For a 2N dimensional phase space, just put indices on the q's and p's.
The proof goes through, summing over the qp pairs.

[The commuting of mixed partials is the most important mathematical fact in physics!]

Examples:
particle beams: a distribution of many particles with some spread in position and velocities cannot be focused in BOTH position and velocities

quantum states: a quantum system cannot be focused so that its possible classical values are smaller than a volume h^N, where h is Planck's constant,
the "quantum of action". In some respects one quantum state corresponds to a "cell" of phase space of volume h^N.  Then Liouville's theorem corresponds
to the conservation of the number of distinct quantum states. Note that the classical state of, for example, a two-particle system is a point in
a twelve dimensional phase space (each particle has 3 q's and 3 p's). In quantum mechanics, the "state" of a two particle system is a wavefunction
of six variables (for example, the positions or momenta of the two particles).

uncertainty relation: If concentrated in q, the spread in p must increase, and vice versa, if the volume is to remain constant. So Liouville's theorem
is somehow related to the quantum uncertainty principle.

Entropy:
Boltzmann proposed in the 1870's that entropy be identified with the logarithm (in class I forgot to say it's the logarithm)
of the number of microstates compatible with the macroscopic configuration. [Actually I'm not sure about what Boltzmann actually proposed...]
Think of a box of gas.
The huge number of molecules in the box live in a very high dimensional phase. One configuration of the positions and
momenta of all of the molecules corresponds to a point in the phase space.
There are an infinite number of such points in phase space compatible
with the macroscopic properties of the gas,
so an infinite number of "microstates". But one can regulate this with the idea that the infinity is
proportional to the phase space volume occupied by all these points. [I don't know who introduced this idea and when. I always thought it was
Boltzmann, but a bit of googling did not seem to support that view.] The infinite proportionality factor becomes an additive constant after the
logarithm is taken, so the entropy is well-defined up to an ambiguous additive constant. In QM, the number of independent states is finite,
and the volume is measured in units of h^N, which removes the ambiguity of the additive constant.
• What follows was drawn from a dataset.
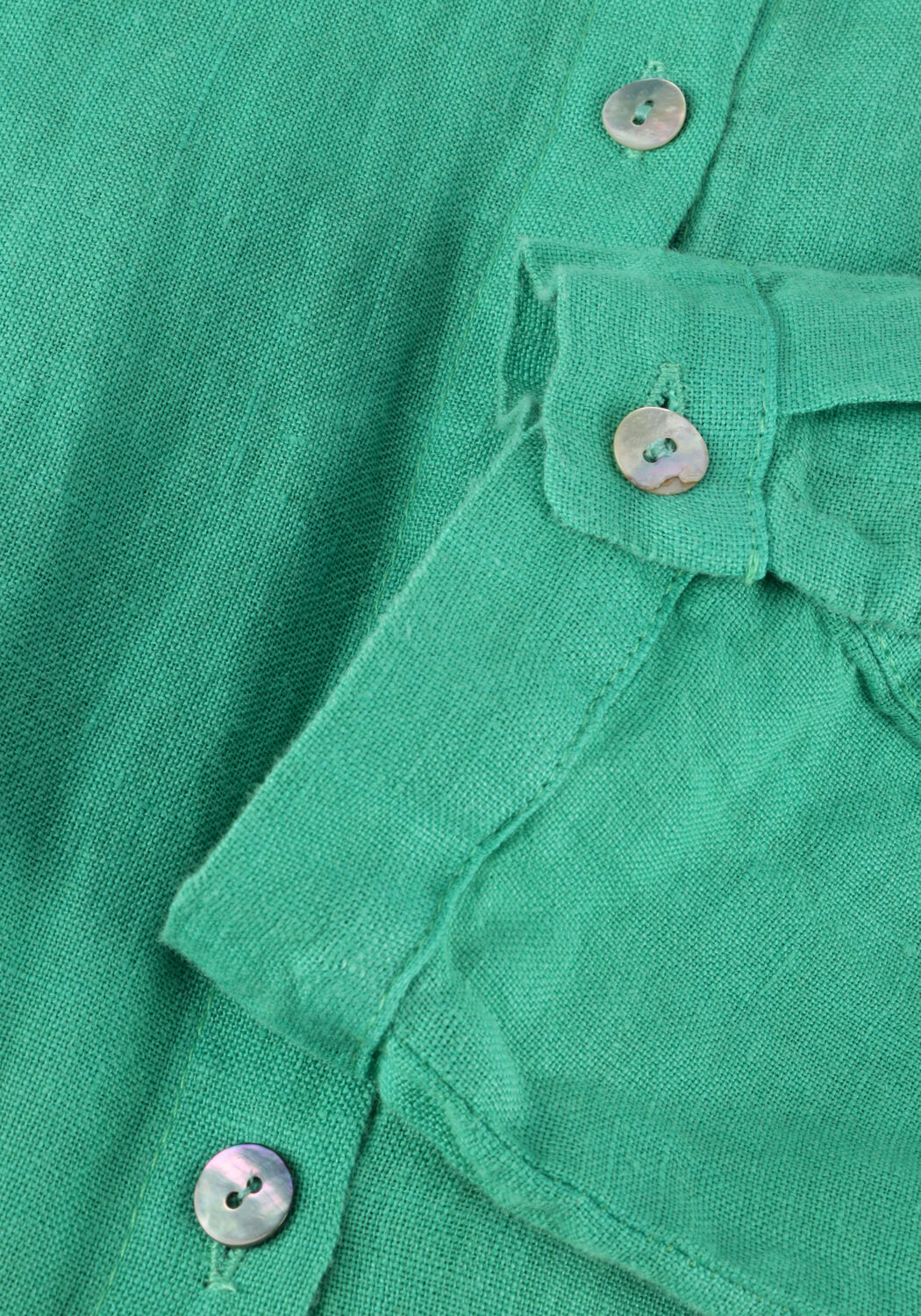 Groene BELLAMY Midi jurk DOMI 1 - large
expansion of a gas: in free expansion, the phase space volume compatible with the macrostate increases, since the spatial volume increases and the
energy and therefore momentum distribution (assuming an ideal gas) stays the same
. The entropy therefore goes up. (The apparent violation of
Liouville's theorem arises because of the "coarse graining": the original volume of phase space does not evolve to fill the final volume, unless you
"blur" it out by coarse graining.)  This process of free expansion is irreversible in practice, and the coarse graining involves loss of information.
Entropy increases. If the expansion is instead adiabatic, a slow process pushing against a slowly moving piston, with no heat transfer in or out of
the gas, then then gas remains in equilibrium at each step. T
he gas does work against the piston, transferring energy to it, decreasing the momenta
(and lowering the temperature), which compensates the increased spread in position,
and the (coarse grained) phase space volume does not increase.
This process is reversible, and entropy does not increase.
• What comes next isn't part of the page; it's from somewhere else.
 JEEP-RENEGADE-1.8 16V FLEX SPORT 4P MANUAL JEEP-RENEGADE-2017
- Poisson brackets: a formal development that establishes the link with QM (quantum mechanics), and also reveals more about the structure of
the Hamiltonian formulation of mechanics and symmetries. Consider the time dependence of a function A(q,p) on phase space:

dA/dt = ∂A/∂q qdot +
∂A/∂p pdot = ∂A/∂q ∂H/∂p - ∂A/∂p ∂H/∂q =: {A, H},

where the last step defines the Poisson bracket { , }. If A has explicit time dependence of course a term ∂A/∂t must be added.

{A, B} =
∂A/∂q ∂B/∂p - ∂A/∂p ∂B/∂q         (Poisson bracket)

Properties:
antisymmetric
bilinear
Liebniz (product) rule {A, BC} = {A, B}C + B{A, C}
Jacobi identity {A, {B, C}} +
{B, {C, A}} + {C, {A, B}} = 0.

Conserved quantities have vanishing Poisson bracket with the Hamiltonian (assuming they have no explicit time dependence).
If A and B are conserved, the Jacobi identity implies that {A, B} is also conserved. Example: if L_x, L_y, and L_z are the components
of angular momentum, {L_x, L_y} = L_z. [Note the dimensions work out: { , } has dimensions of 1/[qp] = 1/[angular momentum].]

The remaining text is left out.